Record set =
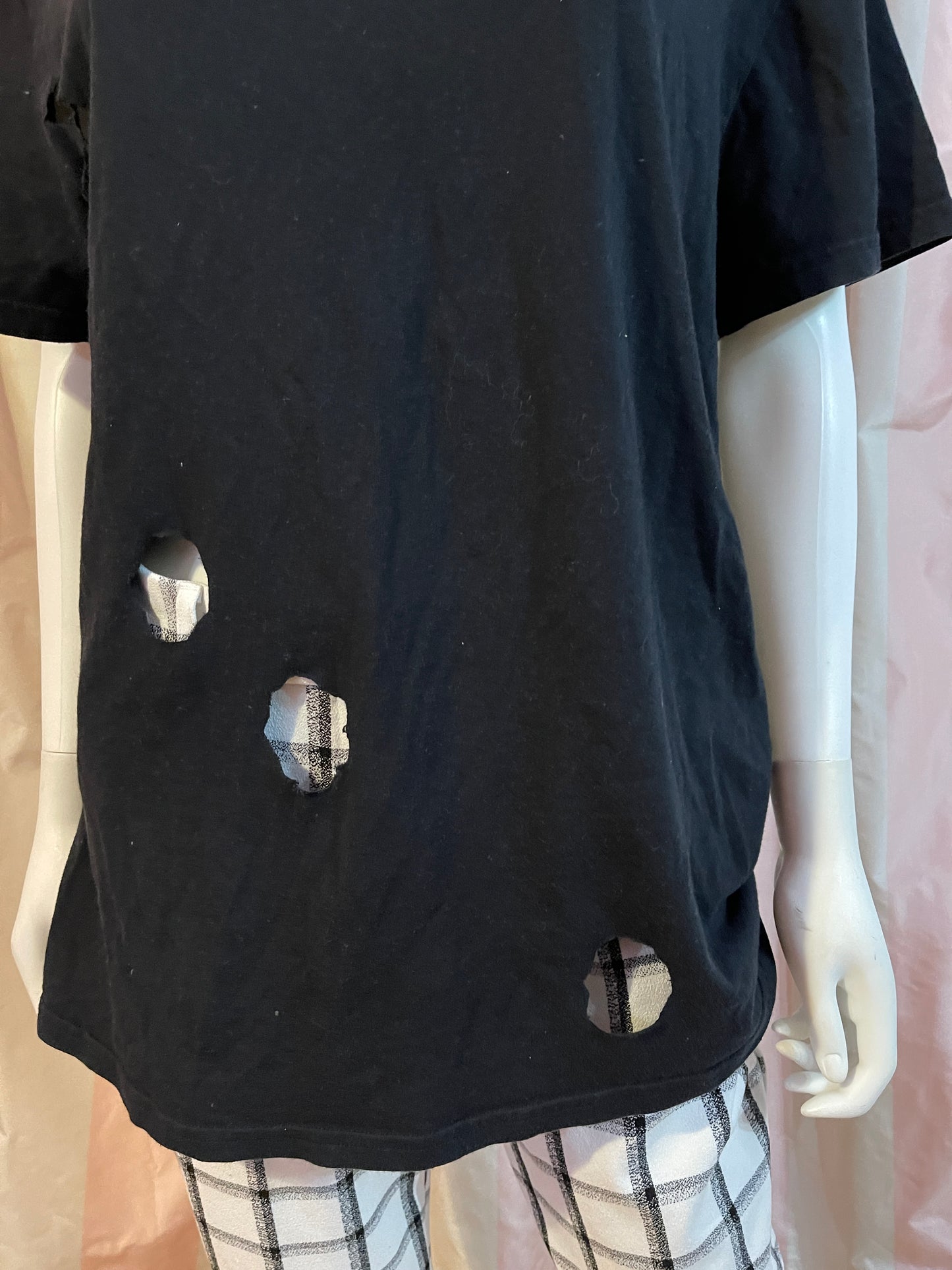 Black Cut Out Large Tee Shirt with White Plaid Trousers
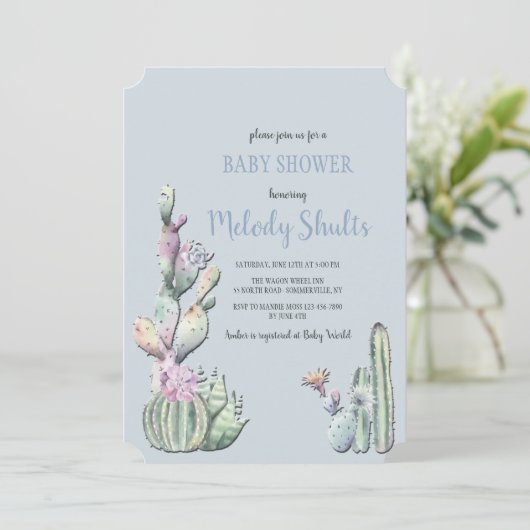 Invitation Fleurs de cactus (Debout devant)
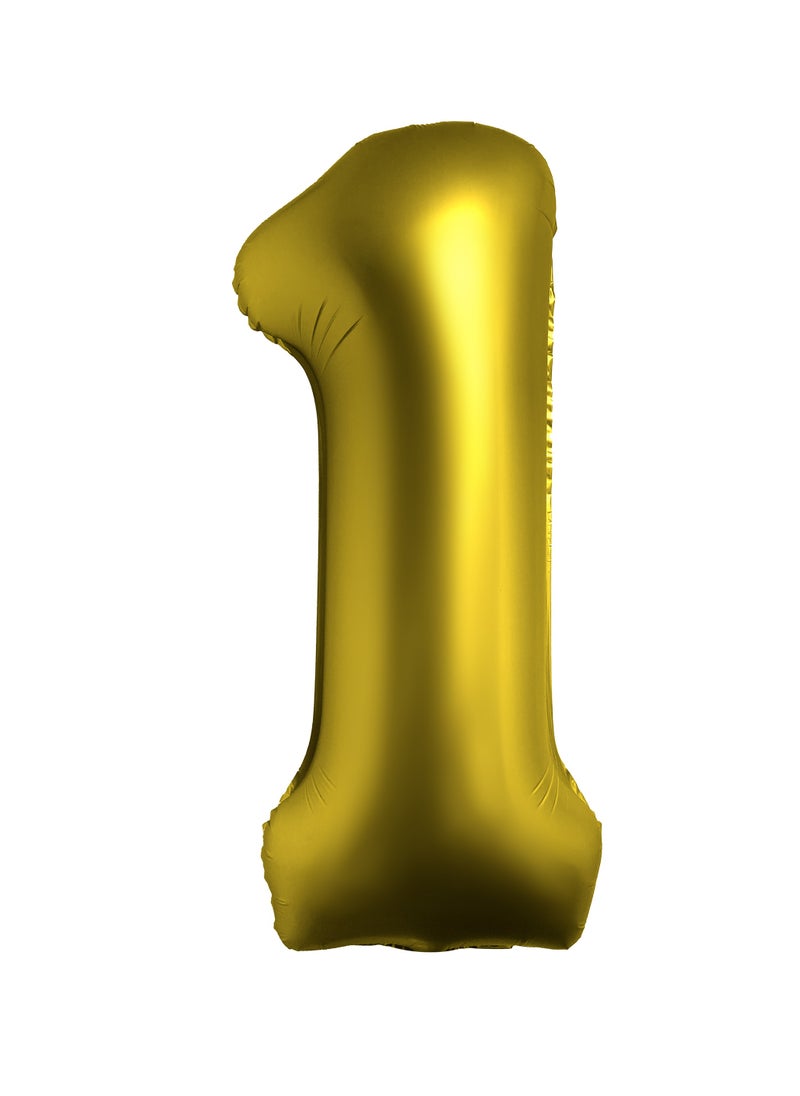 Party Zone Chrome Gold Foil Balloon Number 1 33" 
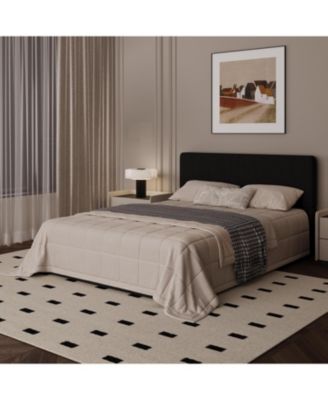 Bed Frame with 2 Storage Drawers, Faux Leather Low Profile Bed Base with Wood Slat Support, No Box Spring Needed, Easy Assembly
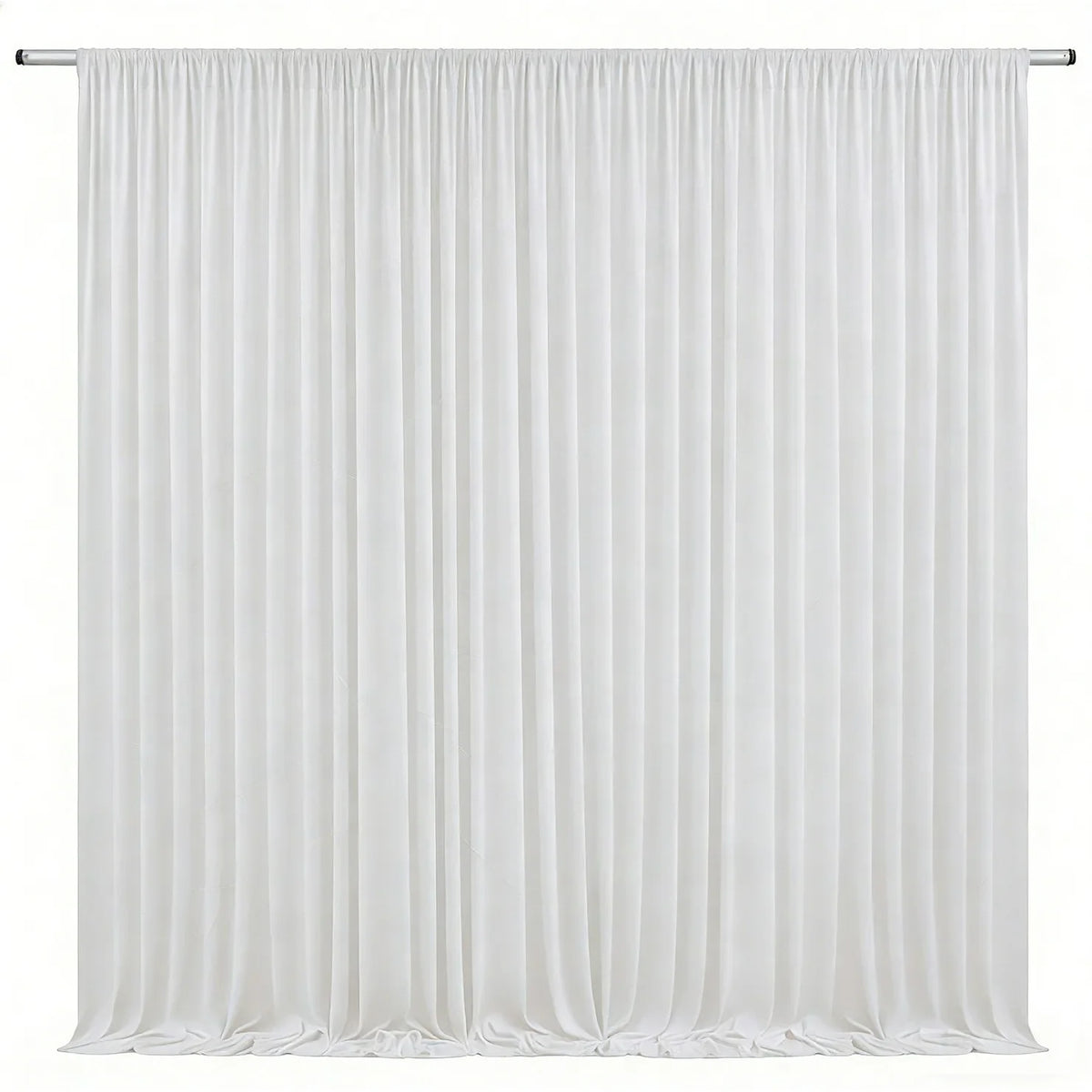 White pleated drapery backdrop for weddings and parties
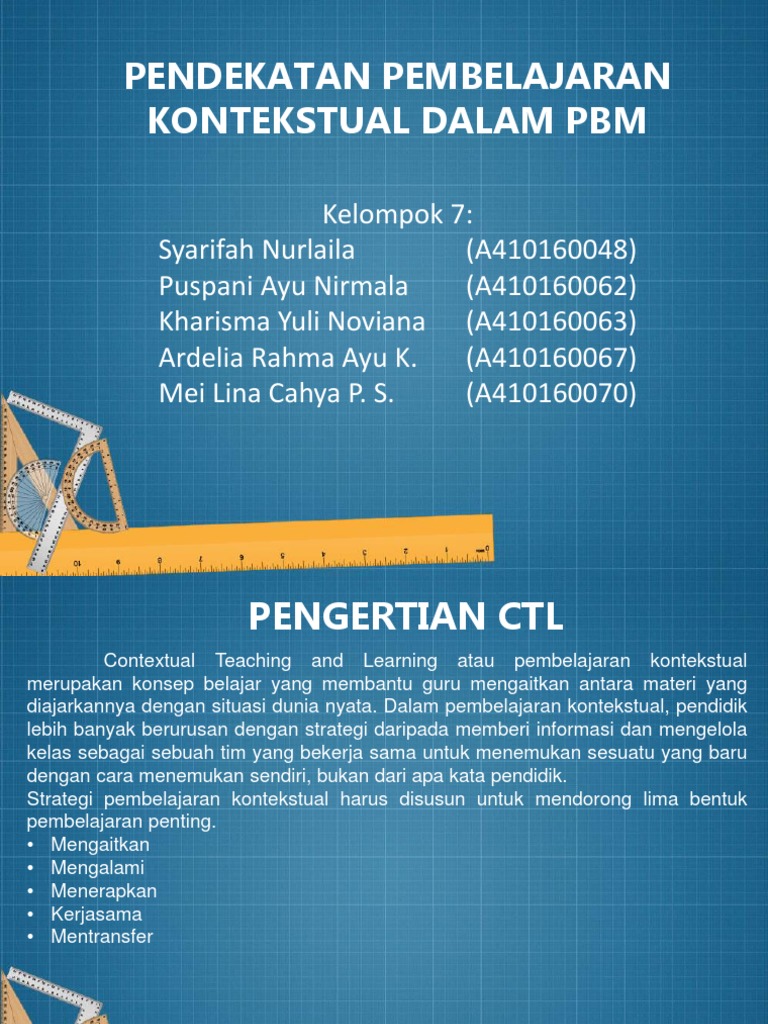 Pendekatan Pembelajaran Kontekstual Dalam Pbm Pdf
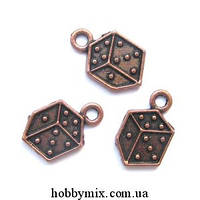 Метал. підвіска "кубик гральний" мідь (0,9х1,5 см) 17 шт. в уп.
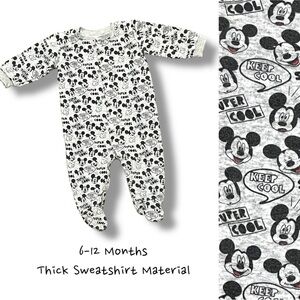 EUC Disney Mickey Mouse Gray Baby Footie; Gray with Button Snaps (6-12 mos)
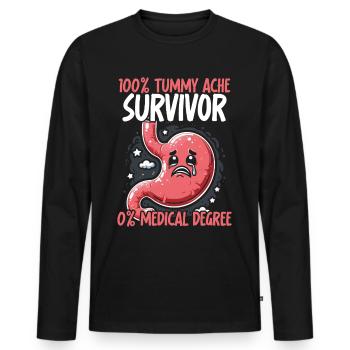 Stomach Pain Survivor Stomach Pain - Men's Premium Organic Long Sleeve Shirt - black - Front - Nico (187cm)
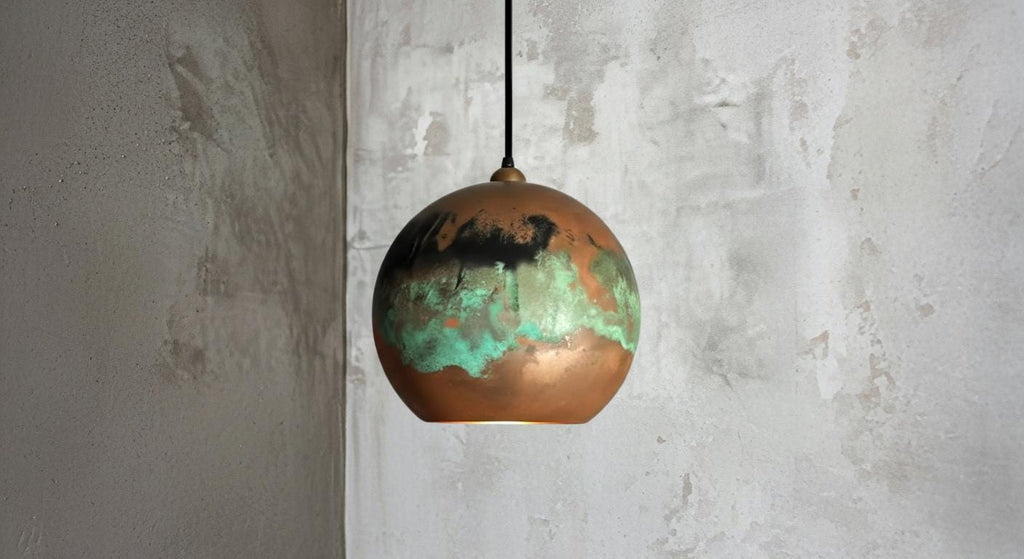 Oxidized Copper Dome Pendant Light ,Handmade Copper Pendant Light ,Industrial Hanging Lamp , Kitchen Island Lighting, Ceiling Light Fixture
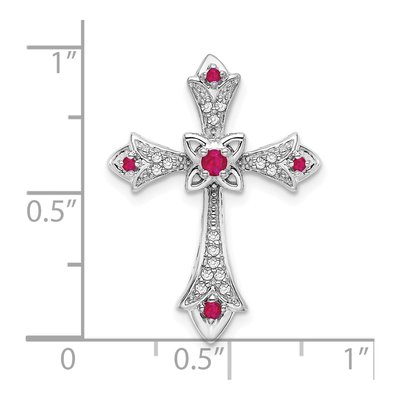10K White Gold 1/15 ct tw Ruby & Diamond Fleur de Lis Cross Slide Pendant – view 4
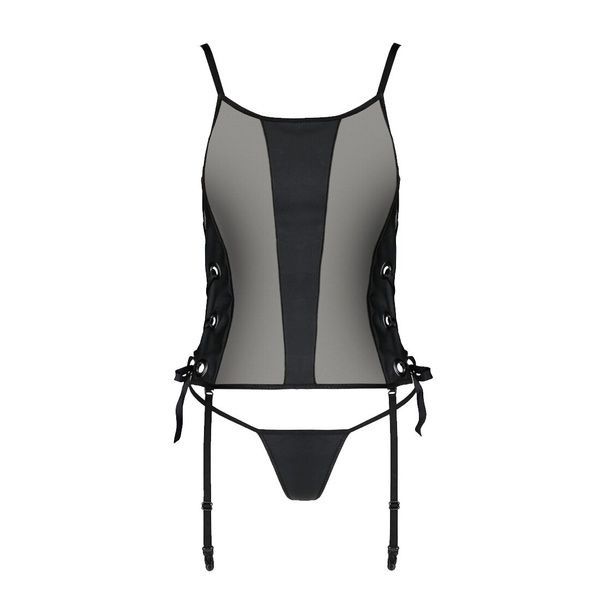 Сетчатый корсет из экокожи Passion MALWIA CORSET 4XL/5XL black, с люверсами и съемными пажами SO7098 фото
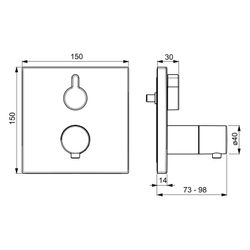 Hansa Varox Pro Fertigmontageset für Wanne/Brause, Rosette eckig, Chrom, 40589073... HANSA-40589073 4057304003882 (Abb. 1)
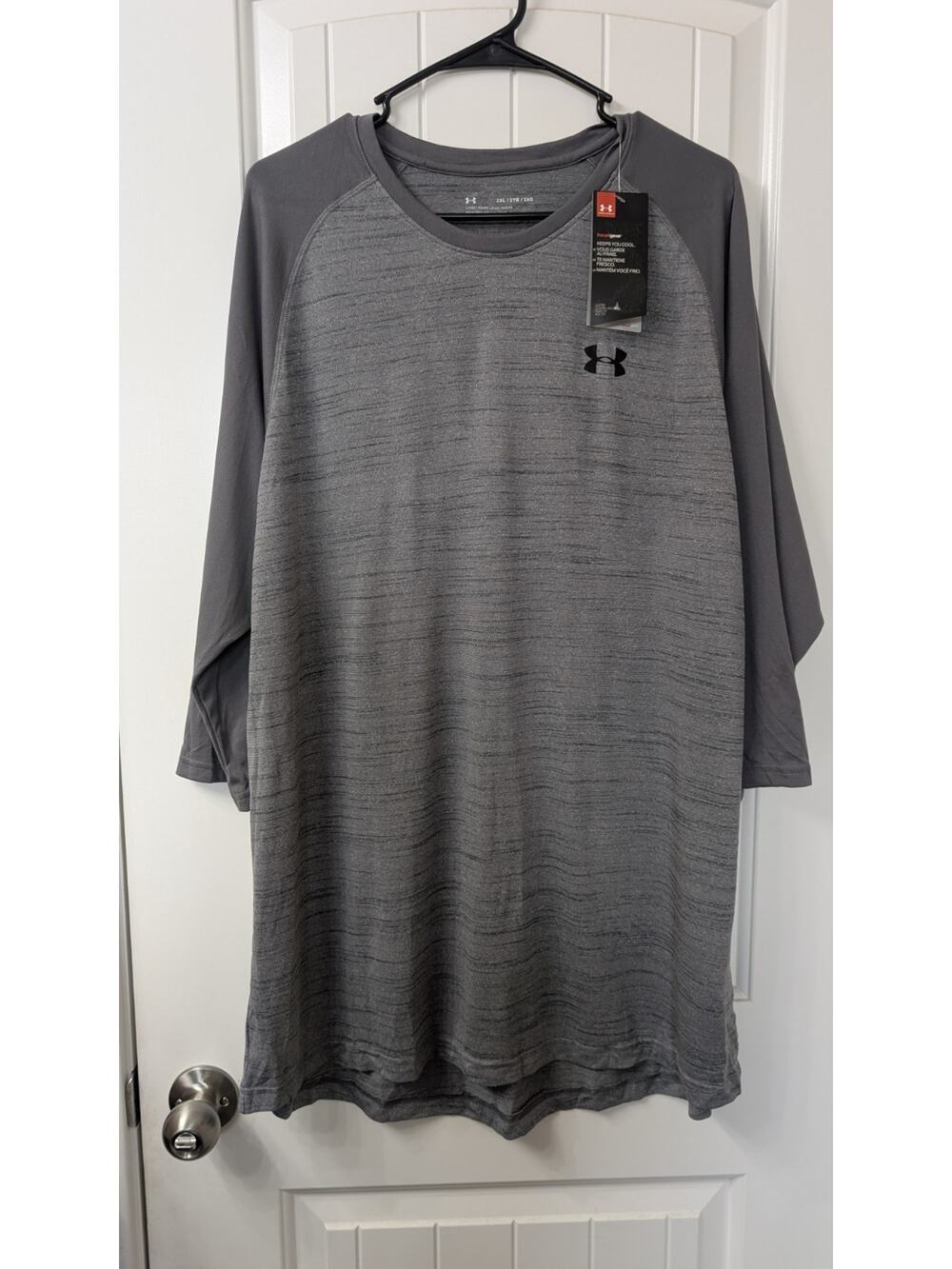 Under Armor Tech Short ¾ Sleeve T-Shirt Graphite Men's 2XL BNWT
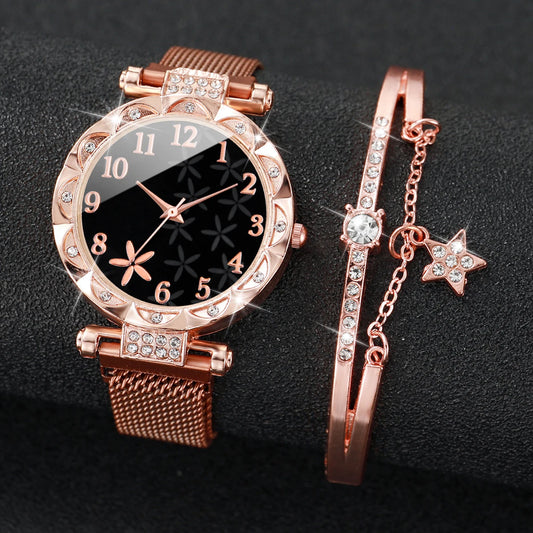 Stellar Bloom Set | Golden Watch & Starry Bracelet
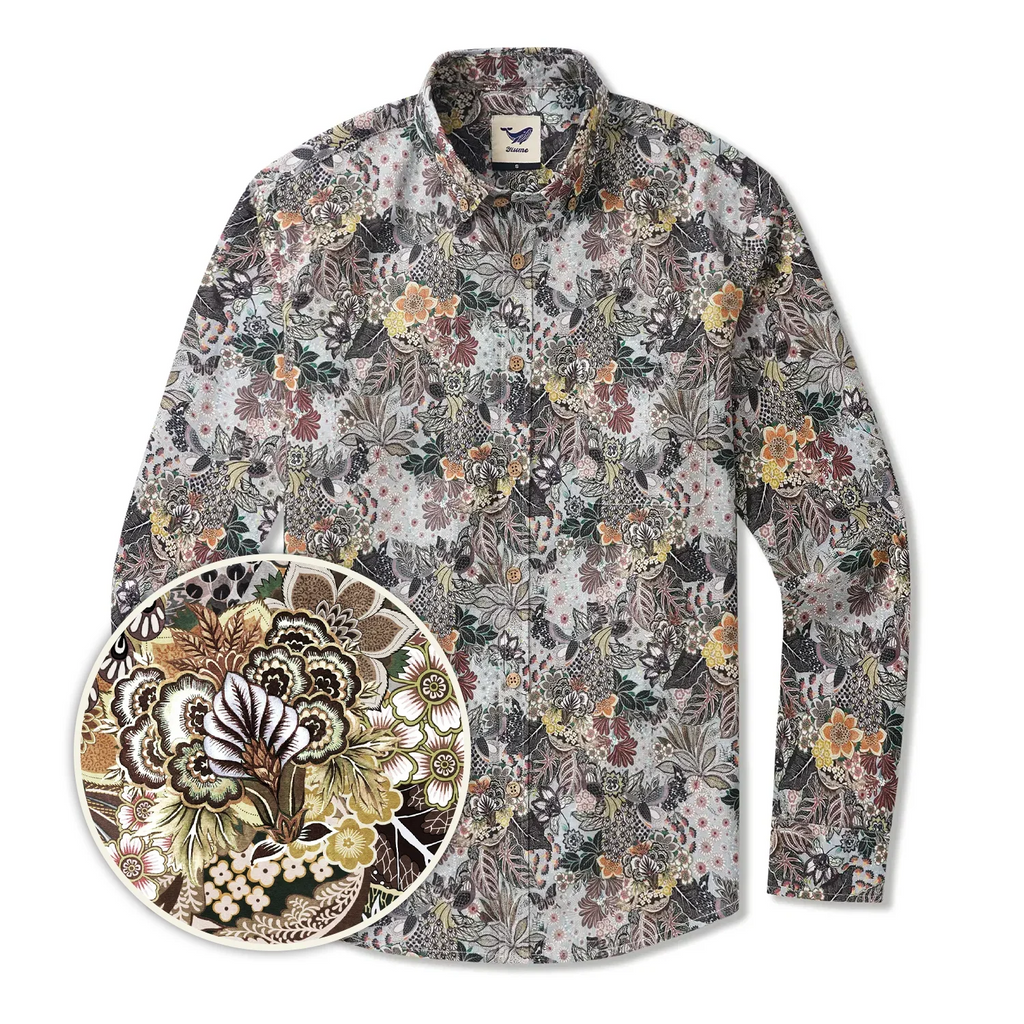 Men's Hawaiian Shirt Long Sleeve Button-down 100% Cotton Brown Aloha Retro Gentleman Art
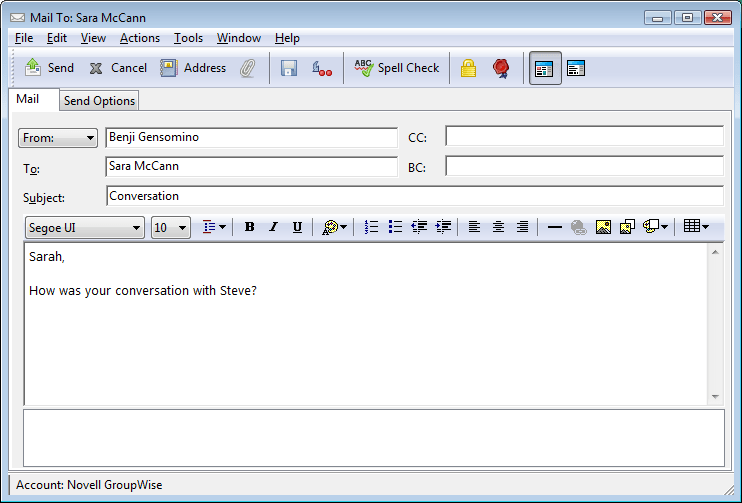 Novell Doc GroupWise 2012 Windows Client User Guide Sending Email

Work task = Every line from the one with "17 шт. в уп." through the last line of the material gets printed exactly, and nothing more. Omit the pictures.

Answer to this exercise =
 Метал. підвіска "кубик гральний" мідь (0,9х1,5 см) 17 шт. в уп.
 EUC Disney Mickey Mouse Gray Baby Footie; Gray with Button Snaps (6-12 mos)
 Stomach Pain Survivor Stomach Pain - Men's Premium Organic Long Sleeve Shirt - black - Front - Nico (187cm)
 Oxidized Copper Dome Pendant Light ,Handmade Copper Pendant Light ,Industrial Hanging Lamp , Kitchen Island Lighting, Ceiling Light Fixture
10K White Gold 1/15 ct tw Ruby & Diamond Fleur de Lis Cross Slide Pendant – view 4
 Сетчатый корсет из экокожи Passion MALWIA CORSET 4XL/5XL black, с люверсами и съемными пажами SO7098 фото
 Hansa Varox Pro Fertigmontageset für Wanne/Brause, Rosette eckig, Chrom, 40589073... HANSA-40589073 4057304003882 (Abb. 1)
 Under Armor Tech Short ¾ Sleeve T-Shirt Graphite Men's 2XL BNWT
 Stellar Bloom Set | Golden Watch & Starry Bracelet
 Men's Hawaiian Shirt Long Sleeve Button-down 100% Cotton Brown Aloha Retro Gentleman Art
 Novell Doc GroupWise 2012 Windows Client User Guide Sending Email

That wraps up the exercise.